** GIVEN INFORMATION follows **
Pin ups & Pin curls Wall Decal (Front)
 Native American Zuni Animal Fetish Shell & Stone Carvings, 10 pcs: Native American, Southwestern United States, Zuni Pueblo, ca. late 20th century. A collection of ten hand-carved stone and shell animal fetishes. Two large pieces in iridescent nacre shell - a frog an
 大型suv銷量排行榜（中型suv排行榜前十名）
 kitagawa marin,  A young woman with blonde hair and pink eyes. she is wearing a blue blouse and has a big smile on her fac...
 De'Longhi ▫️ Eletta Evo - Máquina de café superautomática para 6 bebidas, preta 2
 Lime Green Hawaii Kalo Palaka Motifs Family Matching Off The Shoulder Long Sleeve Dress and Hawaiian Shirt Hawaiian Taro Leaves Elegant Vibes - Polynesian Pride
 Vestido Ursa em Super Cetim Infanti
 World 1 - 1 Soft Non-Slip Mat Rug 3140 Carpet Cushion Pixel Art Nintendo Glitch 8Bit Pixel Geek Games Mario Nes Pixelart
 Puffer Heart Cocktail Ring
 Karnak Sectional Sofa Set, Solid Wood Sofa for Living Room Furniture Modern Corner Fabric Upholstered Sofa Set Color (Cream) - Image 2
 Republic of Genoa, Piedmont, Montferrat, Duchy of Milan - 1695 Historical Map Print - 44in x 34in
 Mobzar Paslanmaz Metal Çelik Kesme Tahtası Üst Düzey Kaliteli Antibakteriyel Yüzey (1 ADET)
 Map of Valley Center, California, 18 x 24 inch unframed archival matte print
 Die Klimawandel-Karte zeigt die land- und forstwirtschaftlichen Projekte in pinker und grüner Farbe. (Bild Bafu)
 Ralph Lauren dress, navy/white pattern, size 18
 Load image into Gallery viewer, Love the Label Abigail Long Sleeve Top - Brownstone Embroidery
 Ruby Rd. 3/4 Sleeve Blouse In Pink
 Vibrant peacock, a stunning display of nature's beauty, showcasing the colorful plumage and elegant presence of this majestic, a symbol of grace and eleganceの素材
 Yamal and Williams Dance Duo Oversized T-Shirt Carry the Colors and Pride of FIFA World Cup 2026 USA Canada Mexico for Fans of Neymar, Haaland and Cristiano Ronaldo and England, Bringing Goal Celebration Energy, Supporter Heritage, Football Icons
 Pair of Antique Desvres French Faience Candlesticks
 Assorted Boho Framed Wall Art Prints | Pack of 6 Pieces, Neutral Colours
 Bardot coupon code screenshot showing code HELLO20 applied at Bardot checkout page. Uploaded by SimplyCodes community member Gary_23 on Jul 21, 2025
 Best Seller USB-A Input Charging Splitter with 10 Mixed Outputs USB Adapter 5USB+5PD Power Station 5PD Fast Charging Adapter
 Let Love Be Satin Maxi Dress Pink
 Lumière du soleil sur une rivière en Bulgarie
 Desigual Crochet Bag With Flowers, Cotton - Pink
** End of GIVEN INFORMATION **
WHAT THE EXERCISE ASKS>
Exactly as they stand, set down the lines from the top of the data through the line with "Ruby Rd. 3/4 Sleeve Blouse In Pink".

WORKED SOLUTION>
Pin ups & Pin curls Wall Decal (Front)
 Native American Zuni Animal Fetish Shell & Stone Carvings, 10 pcs: Native American, Southwestern United States, Zuni Pueblo, ca. late 20th century. A collection of ten hand-carved stone and shell animal fetishes. Two large pieces in iridescent nacre shell - a frog an
 大型suv銷量排行榜（中型suv排行榜前十名）
 kitagawa marin,  A young woman with blonde hair and pink eyes. she is wearing a blue blouse and has a big smile on her fac...
 De'Longhi ▫️ Eletta Evo - Máquina de café superautomática para 6 bebidas, preta 2
 Lime Green Hawaii Kalo Palaka Motifs Family Matching Off The Shoulder Long Sleeve Dress and Hawaiian Shirt Hawaiian Taro Leaves Elegant Vibes - Polynesian Pride
 Vestido Ursa em Super Cetim Infanti
 World 1 - 1 Soft Non-Slip Mat Rug 3140 Carpet Cushion Pixel Art Nintendo Glitch 8Bit Pixel Geek Games Mario Nes Pixelart
 Puffer Heart Cocktail Ring
 Karnak Sectional Sofa Set, Solid Wood Sofa for Living Room Furniture Modern Corner Fabric Upholstered Sofa Set Color (Cream) - Image 2
 Republic of Genoa, Piedmont, Montferrat, Duchy of Milan - 1695 Historical Map Print - 44in x 34in
 Mobzar Paslanmaz Metal Çelik Kesme Tahtası Üst Düzey Kaliteli Antibakteriyel Yüzey (1 ADET)
 Map of Valley Center, California, 18 x 24 inch unframed archival matte print
 Die Klimawandel-Karte zeigt die land- und forstwirtschaftlichen Projekte in pinker und grüner Farbe. (Bild Bafu)
 Ralph Lauren dress, navy/white pattern, size 18
 Load image into Gallery viewer, Love the Label Abigail Long Sleeve Top - Brownstone Embroidery
 Ruby Rd. 3/4 Sleeve Blouse In Pink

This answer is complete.